Bitlis Eren Üniversitesi (BEÜ) Sosyoloji Bölümü Öğretim Üyesi ve Kültürel ve Sosyal Çalışmalar Araştırma ve Uygulama Merkezi Müdürü Doç. Dr. Adem Palabıyık, “Yeni ekonomi modelimiz Keynes sonrası önemli ekonomik modellemelerden biri haline gelecektir” dedi.
Doç. Dr. Adem Palabıyık, yeni ekonomik modelin uygulanabilirliğine dair değerlendirmede bulundu. Yeni ekonomi modelinin iktisat biliminin belirli kalıplarına sıkıştırılmaması gerektiğini dile getiren Palabıyık, “İktisadi modeller bilimin belirli kalıplarına sıkıştırılmamalı ve herkesin yararı gözetilerek icra edilmelidir. Küresel ekonomiler içindeki çoğulculuk karşısında tekil bir yol izlemek kısıtlı üretkenlikleri hak ettiklerinden fazlasıyla ödüllendirmektedir. Bu tür ekonomik veya iktisadi modeller “asalak” bir nitelik göstererek, uluslararası ekonomik sorunların yaşanmasına da sebep olur. Ekonomik modellerin dayandığı bazı geleneksel değerler yetersiz oldukları göründüğünden ötürü değil, bilimin tekil varsayımlarıyla küresel çoğul ekonomik modellerin varsayımlarının uzlaşamaması sebebiyle bırakılmaktadır. Bu sebepten yeni ekonomi modelinin, dogmatizme ve her koşulda bilimde ilerlemeyi sağlayan “tek bir yöntemin varlığının kabulüne” karşı mücadele biçimi içerdiğini söylemek yerinde olacaktır. Böylece yeni ekonomik modelin evrensel ve çoğulcu ilke ya da kuramlara dayanması gerektiği düşüncesi güçlenecek ve çoğulculuğa dayanmayan, böylece de küresel ekonomileri dışlayan tekilci geleneksel model tartışmaya açılabilecektir. Böylece zaman içinde bu model Keynes sonrası önemli ekonomik modellemelerden biri haline gelecektir” dedi.

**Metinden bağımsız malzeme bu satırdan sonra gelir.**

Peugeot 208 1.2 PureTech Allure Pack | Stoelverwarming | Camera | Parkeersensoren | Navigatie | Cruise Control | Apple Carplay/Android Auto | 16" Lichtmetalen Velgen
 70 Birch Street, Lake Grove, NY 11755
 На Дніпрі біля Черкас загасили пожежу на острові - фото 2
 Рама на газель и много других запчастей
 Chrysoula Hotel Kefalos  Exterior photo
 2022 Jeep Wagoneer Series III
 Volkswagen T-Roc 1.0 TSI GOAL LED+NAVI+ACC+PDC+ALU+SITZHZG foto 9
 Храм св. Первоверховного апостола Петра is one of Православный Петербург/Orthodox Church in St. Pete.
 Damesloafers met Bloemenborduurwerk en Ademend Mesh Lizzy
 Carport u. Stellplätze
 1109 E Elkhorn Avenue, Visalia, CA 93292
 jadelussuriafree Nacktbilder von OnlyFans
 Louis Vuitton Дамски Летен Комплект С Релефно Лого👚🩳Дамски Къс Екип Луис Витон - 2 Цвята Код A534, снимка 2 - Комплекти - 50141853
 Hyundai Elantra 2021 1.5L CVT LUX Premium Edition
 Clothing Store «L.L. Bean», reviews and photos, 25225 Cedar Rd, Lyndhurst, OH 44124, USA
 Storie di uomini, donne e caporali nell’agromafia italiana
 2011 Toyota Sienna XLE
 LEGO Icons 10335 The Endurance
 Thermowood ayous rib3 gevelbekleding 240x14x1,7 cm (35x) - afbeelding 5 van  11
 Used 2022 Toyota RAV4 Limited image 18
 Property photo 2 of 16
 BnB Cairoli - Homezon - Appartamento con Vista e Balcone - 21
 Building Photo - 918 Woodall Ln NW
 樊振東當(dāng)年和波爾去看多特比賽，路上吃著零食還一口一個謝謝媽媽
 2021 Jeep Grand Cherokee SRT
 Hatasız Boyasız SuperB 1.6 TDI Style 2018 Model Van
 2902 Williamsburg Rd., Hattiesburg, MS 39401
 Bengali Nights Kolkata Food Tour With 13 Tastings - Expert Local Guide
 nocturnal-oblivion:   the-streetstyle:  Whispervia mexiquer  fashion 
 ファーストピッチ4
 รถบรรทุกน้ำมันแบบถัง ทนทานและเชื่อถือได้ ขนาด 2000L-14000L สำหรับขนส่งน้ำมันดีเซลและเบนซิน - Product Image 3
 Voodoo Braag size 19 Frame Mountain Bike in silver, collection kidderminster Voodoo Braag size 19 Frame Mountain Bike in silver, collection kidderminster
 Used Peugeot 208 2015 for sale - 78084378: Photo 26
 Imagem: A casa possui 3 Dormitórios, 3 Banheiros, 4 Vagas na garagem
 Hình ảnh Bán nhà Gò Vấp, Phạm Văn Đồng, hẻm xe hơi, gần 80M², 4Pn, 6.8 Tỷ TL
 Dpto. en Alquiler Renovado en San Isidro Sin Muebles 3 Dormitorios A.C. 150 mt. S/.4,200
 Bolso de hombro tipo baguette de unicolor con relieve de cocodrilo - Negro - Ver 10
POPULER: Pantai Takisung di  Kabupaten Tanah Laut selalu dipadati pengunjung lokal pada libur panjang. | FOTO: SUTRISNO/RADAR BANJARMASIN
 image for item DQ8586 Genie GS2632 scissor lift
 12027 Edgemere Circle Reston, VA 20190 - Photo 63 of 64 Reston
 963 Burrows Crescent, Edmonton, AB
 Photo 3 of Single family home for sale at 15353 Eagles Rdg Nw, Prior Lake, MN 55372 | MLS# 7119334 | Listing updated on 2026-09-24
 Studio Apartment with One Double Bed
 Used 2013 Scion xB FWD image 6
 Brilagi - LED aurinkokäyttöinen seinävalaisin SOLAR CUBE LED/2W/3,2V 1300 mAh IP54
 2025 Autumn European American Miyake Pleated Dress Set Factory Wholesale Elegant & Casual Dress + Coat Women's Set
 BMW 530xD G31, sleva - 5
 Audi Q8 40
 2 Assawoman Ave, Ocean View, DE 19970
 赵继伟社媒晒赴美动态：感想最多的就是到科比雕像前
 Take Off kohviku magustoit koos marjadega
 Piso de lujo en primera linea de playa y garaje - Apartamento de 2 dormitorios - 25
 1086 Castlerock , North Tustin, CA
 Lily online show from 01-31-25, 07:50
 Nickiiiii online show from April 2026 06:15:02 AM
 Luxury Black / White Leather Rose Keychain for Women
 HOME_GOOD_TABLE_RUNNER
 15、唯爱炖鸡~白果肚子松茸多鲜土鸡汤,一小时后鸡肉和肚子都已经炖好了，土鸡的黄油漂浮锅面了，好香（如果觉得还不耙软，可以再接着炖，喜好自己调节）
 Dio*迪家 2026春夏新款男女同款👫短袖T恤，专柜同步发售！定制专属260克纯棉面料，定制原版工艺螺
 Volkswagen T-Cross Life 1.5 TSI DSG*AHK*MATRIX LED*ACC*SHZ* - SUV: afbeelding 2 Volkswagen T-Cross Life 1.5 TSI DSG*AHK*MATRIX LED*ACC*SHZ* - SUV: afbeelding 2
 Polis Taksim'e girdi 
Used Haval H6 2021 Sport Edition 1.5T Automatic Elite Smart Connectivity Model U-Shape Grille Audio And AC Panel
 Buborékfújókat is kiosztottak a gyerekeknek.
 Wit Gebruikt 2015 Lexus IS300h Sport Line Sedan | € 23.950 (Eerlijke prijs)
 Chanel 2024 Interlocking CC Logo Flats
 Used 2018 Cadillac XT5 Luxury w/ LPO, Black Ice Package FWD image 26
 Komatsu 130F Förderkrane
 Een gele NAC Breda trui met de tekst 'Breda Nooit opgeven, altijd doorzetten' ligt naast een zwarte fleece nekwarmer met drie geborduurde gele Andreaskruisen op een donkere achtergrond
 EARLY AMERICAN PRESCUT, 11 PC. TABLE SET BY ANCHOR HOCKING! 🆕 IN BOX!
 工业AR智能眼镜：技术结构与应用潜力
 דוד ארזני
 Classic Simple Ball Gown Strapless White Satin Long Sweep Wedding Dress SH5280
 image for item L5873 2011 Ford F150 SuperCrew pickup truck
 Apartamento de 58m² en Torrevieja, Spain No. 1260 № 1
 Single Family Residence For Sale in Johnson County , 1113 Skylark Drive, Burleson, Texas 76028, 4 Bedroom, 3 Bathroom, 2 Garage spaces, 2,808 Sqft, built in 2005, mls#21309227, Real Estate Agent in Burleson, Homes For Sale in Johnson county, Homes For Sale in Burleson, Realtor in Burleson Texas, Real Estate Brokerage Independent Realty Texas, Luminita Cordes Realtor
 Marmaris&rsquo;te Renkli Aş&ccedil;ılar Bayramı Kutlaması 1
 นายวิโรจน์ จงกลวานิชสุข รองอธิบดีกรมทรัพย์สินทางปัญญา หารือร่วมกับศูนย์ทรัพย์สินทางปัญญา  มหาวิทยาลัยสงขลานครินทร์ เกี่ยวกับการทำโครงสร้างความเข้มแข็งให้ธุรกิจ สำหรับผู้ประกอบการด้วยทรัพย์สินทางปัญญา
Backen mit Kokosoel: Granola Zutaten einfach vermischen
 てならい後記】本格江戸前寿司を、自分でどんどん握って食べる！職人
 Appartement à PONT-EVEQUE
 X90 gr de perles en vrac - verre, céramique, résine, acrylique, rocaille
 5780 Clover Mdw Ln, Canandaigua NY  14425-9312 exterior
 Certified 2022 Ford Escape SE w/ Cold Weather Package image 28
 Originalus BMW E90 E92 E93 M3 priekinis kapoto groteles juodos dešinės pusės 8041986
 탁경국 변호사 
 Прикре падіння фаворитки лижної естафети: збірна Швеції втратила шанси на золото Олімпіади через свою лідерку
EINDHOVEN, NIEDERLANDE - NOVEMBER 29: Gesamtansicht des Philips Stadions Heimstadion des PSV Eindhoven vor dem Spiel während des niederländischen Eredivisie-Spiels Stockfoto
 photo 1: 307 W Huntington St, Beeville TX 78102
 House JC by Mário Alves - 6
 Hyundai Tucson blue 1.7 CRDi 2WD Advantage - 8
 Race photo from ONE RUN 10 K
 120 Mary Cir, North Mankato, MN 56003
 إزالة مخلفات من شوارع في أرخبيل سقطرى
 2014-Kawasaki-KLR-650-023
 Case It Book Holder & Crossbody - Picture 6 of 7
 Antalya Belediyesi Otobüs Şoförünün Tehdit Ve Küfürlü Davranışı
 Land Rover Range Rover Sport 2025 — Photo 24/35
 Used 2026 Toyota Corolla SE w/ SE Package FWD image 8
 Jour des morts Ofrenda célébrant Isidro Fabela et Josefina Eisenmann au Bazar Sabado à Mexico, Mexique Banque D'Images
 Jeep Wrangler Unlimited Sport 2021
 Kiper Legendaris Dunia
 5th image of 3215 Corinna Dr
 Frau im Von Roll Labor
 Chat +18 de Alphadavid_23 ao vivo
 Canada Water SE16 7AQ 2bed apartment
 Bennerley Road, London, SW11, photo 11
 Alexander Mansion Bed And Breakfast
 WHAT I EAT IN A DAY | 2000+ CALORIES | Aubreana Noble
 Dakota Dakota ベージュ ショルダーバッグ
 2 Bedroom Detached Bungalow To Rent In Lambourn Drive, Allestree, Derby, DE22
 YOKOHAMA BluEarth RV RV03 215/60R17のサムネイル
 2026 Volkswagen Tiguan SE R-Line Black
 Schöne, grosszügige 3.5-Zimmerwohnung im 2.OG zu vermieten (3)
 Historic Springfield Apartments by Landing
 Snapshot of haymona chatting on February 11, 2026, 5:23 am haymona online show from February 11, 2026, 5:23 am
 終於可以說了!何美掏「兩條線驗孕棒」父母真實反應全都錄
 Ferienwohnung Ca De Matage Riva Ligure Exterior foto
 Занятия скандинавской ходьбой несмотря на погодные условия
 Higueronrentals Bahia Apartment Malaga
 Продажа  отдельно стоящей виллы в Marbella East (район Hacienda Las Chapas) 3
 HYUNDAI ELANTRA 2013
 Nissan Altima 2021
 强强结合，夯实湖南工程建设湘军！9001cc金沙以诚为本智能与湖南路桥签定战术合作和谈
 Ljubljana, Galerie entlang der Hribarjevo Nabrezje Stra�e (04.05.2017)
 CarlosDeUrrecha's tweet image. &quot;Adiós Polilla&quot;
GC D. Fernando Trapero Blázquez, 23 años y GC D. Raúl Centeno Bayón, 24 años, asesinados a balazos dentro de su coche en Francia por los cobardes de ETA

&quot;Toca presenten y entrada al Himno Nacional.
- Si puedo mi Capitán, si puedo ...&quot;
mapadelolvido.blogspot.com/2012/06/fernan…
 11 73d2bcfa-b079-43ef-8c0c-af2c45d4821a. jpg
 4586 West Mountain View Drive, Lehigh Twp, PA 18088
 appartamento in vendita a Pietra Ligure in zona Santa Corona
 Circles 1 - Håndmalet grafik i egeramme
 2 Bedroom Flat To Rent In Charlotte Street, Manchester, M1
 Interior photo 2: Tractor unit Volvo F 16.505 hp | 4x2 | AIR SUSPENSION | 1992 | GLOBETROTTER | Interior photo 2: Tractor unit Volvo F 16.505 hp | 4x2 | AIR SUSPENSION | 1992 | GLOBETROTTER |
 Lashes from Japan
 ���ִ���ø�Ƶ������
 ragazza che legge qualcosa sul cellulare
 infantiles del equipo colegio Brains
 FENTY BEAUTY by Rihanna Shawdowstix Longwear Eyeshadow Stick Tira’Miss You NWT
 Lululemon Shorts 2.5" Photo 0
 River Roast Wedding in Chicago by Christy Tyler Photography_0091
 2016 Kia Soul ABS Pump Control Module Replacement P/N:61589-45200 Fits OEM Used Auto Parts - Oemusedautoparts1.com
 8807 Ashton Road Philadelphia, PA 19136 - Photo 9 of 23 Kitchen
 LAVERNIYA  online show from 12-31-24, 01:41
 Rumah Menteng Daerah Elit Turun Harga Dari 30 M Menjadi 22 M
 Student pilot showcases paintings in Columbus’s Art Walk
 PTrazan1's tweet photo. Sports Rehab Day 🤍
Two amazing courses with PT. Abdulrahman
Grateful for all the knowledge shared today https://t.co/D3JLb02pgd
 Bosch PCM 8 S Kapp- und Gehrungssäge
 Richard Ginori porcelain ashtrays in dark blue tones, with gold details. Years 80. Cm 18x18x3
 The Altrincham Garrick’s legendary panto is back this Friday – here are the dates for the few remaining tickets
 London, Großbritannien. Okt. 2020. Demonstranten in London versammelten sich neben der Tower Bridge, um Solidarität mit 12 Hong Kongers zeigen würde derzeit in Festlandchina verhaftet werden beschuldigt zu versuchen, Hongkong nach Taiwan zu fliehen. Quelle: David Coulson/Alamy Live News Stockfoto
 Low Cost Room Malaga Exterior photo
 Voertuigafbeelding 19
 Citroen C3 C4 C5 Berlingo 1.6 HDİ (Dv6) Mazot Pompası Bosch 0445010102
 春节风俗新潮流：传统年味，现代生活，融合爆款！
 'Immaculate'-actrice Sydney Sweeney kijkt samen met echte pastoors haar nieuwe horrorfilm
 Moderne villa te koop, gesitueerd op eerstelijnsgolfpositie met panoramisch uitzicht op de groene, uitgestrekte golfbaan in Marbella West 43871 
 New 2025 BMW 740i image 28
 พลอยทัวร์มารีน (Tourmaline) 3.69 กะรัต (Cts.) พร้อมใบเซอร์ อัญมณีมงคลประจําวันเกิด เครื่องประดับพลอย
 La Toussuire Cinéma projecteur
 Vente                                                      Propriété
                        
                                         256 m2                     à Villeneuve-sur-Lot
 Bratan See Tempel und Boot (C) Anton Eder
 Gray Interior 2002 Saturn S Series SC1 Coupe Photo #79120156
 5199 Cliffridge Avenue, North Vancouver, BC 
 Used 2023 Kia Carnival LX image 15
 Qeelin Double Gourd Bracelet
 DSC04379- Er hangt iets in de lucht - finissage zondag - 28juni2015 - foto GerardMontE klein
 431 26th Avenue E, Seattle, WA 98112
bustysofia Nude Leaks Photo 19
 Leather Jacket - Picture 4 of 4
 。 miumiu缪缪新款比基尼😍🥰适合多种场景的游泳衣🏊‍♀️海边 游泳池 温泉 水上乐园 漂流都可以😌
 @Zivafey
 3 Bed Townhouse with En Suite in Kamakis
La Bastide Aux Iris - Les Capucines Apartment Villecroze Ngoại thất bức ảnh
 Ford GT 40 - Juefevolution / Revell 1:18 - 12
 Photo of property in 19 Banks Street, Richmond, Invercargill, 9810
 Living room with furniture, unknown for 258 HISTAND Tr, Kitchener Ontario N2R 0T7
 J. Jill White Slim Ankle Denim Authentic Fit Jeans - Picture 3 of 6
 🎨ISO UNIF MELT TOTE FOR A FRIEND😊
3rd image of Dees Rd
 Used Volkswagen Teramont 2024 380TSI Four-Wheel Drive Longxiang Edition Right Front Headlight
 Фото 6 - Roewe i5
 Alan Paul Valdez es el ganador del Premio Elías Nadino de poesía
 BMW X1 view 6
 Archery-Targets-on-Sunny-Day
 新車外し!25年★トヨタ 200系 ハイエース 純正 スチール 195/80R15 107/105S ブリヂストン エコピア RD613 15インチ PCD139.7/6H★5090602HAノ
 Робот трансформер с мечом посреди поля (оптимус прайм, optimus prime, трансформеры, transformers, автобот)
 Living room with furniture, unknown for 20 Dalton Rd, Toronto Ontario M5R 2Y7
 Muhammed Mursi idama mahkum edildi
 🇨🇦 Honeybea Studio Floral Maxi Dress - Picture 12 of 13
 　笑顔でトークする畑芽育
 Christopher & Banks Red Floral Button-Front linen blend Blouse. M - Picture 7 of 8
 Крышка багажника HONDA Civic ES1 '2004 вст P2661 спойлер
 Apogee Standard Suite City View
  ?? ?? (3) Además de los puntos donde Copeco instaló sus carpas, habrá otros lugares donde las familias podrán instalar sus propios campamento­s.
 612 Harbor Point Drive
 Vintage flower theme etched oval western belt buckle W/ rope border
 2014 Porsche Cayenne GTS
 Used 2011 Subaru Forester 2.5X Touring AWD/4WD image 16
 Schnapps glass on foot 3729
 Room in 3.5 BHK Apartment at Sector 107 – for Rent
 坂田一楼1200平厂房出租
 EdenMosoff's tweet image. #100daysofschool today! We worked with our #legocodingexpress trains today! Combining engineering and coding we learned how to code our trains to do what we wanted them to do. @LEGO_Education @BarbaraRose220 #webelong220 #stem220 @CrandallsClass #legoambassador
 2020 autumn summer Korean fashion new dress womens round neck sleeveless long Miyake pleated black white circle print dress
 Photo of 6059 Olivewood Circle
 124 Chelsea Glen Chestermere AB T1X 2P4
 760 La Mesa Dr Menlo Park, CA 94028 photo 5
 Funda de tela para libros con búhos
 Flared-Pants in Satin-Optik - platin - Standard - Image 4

Dolar artışının sanal bir bağlam içerdiğini ve yapay olduğunu ifade eden Doç. Dr. Palabıyık, “Birkaç gün önce BİST’te gerçekleşen yüzde 8’lik düşüşü de hiçbir ekonomik modelleme bilimsel bir metodla açıklanamaz. Veya birkaç hafta öncesinde dolarda meydana gelen artış ile alakalı da bilimsel bir izahat mevcut değildir. Elbette dünyanın her yerinde Döviz Kur’undaki yükselişlerin ekonomi veya iktisadi biliminde kabul edilebilir bir izahatı olabilirdi lakin ülkemizdeki Kur yükselişi, çeşitlenmiş bir dünyada tek bir ekonomik model ile analiz edilemezdir. İşte tam bu sebepten iktidar beliren hiper-gerçekliklere göre birden makas değiştirdi ve çeşitlenmiş ekonomik modellerin olduğu küresel ekonomiye anarşist bir adımdan ziyade, gelenek ve liberal yöntemle güçlü bir adım attı. Böylece dünyayı kendi iktisadi değerlerinin bakış açısıyla gören bir katılımcı gözüyle takip etmeye başlama şansı bulmuştur” diye konuştu.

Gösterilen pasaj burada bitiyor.